### Problem
Copy the data that appears below exactly. Drop the pictures.

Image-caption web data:
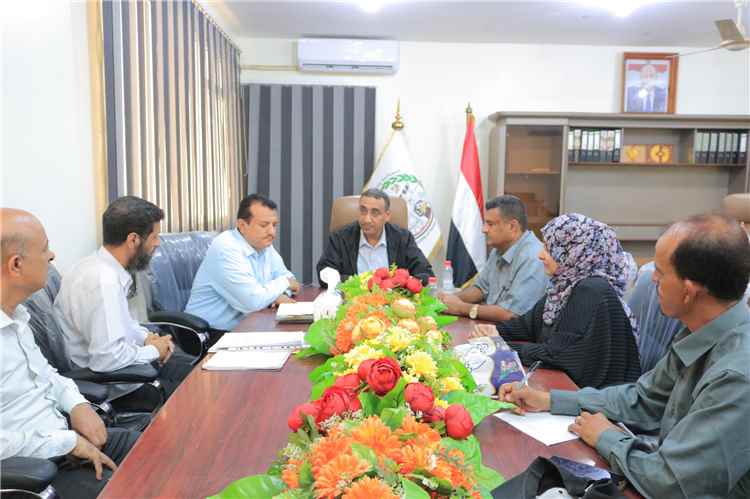 نائب وزير التعليم الفني يناقش نتائج المفاضلة للمنح الدراسية المقدمة من المملكة المغربية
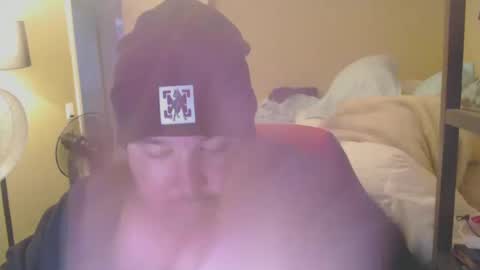 Snapshot of d____w chatting on 5, 1, 2025 d____w online show from 5, 1, 2025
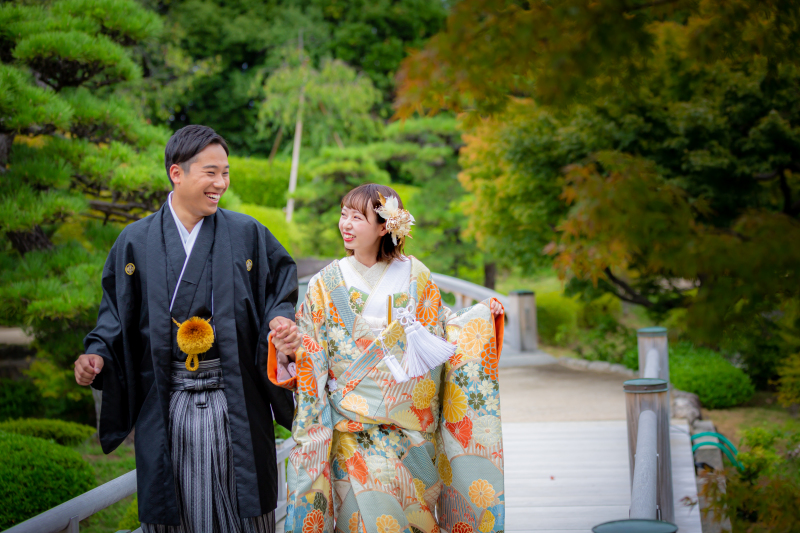 手をつないで仲良し笑顔◎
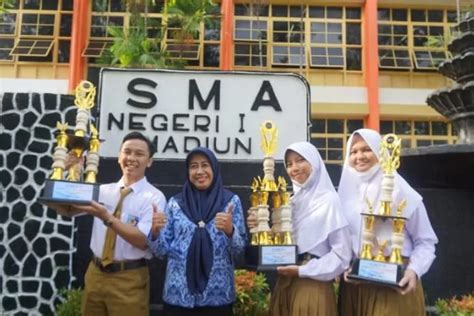 HANYA ADA 5 SMA TERBAIK DI KOTA MADIUN JAWA TIMUR Juaranya Bukan SMAN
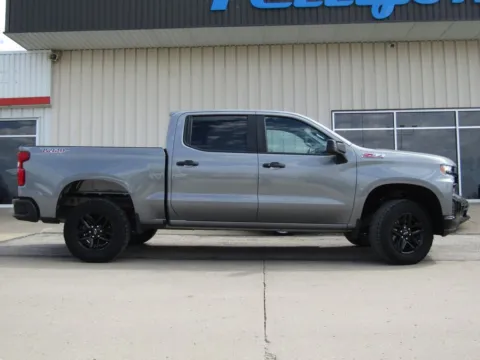 Photos of 2021 Chevrolet Silverado 1500 LT Trail Boss for sale in Bethany, MO at Pettijohn Auto Center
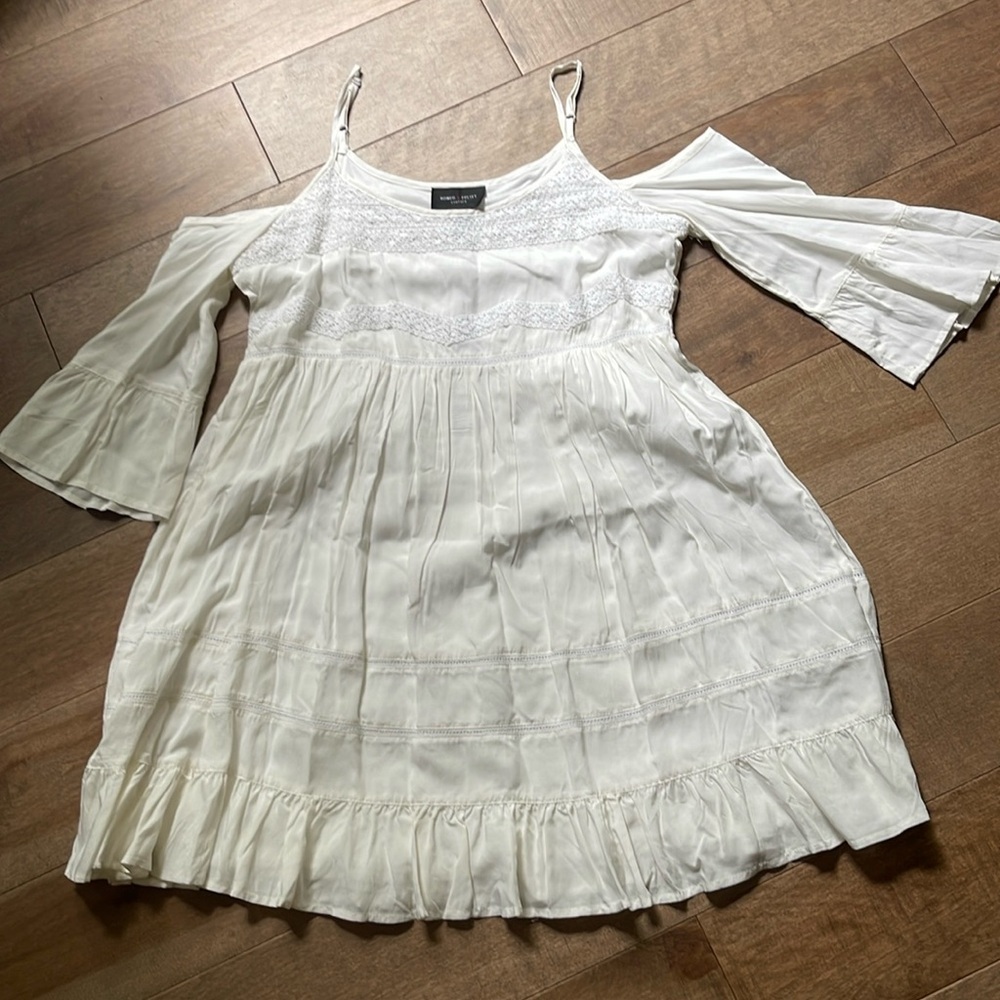 Cold-Shoulder Dress/Tunic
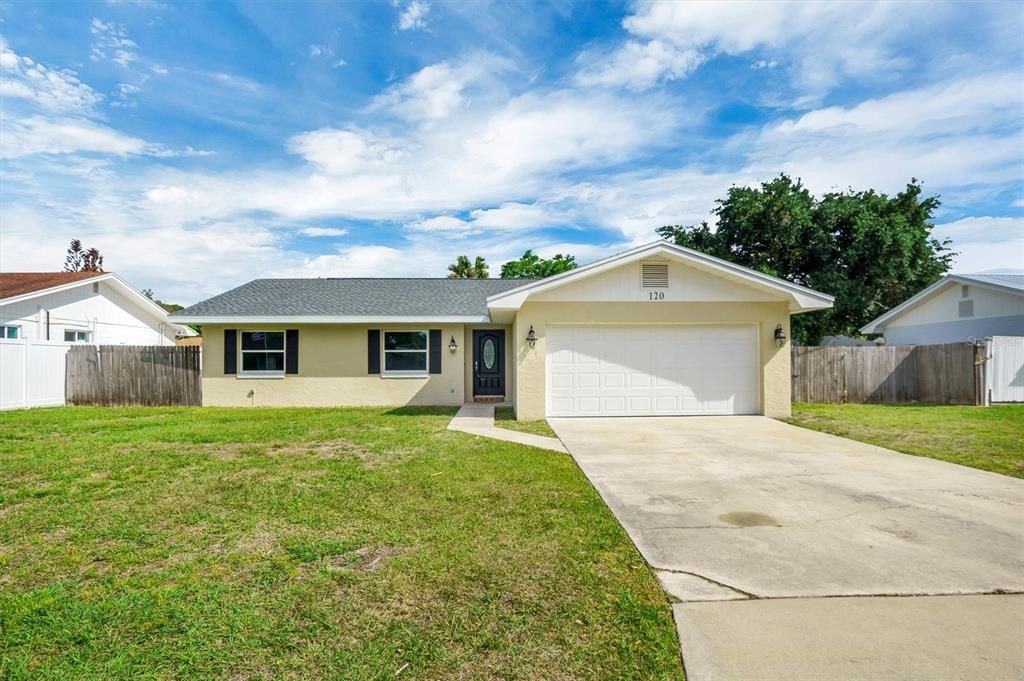 Active With Contract: $274,900 (3 beds, 2 baths, 1485 Square Feet)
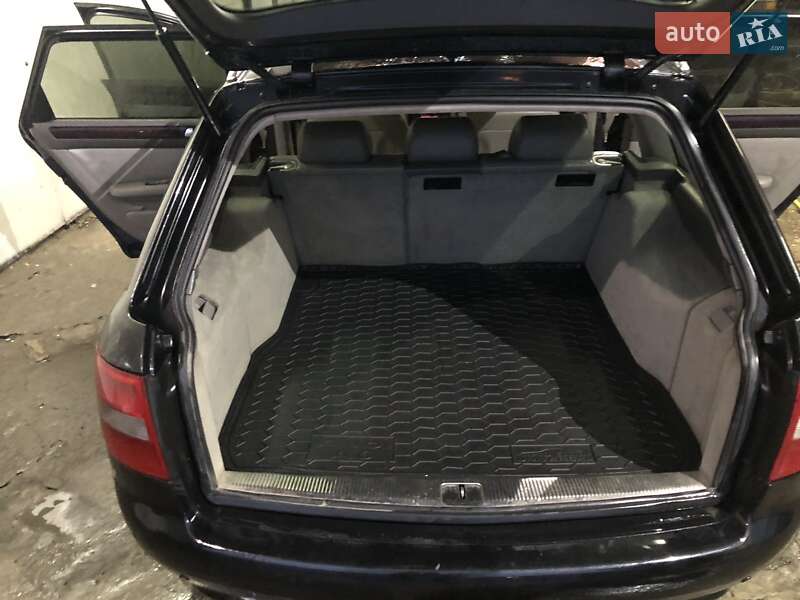 Универсал Audi A6 2002 в Виноградове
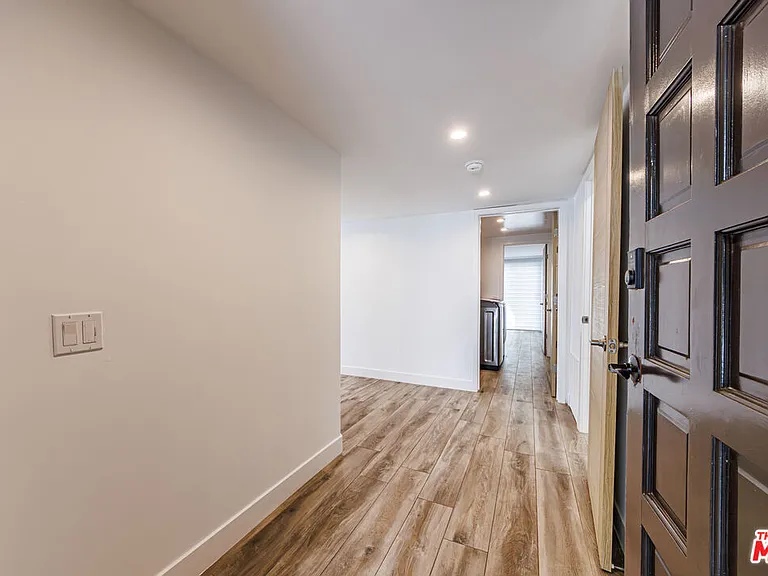 18055 Coastline Dr #2 — Photo 3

### Result for this exercise
 نائب وزير التعليم الفني يناقش نتائج المفاضلة للمنح الدراسية المقدمة من المملكة المغربية
 Snapshot of d____w chatting on 5, 1, 2025 d____w online show from 5, 1, 2025
 手をつないで仲良し笑顔◎
 HANYA ADA 5 SMA TERBAIK DI KOTA MADIUN JAWA TIMUR Juaranya Bukan SMAN
 Photos of 2021 Chevrolet Silverado 1500 LT Trail Boss for sale in Bethany, MO at Pettijohn Auto Center
 Cold-Shoulder Dress/Tunic
 Active With Contract: $274,900 (3 beds, 2 baths, 1485 Square Feet)
 Универсал Audi A6 2002 в Виноградове
 18055 Coastline Dr #2 — Photo 3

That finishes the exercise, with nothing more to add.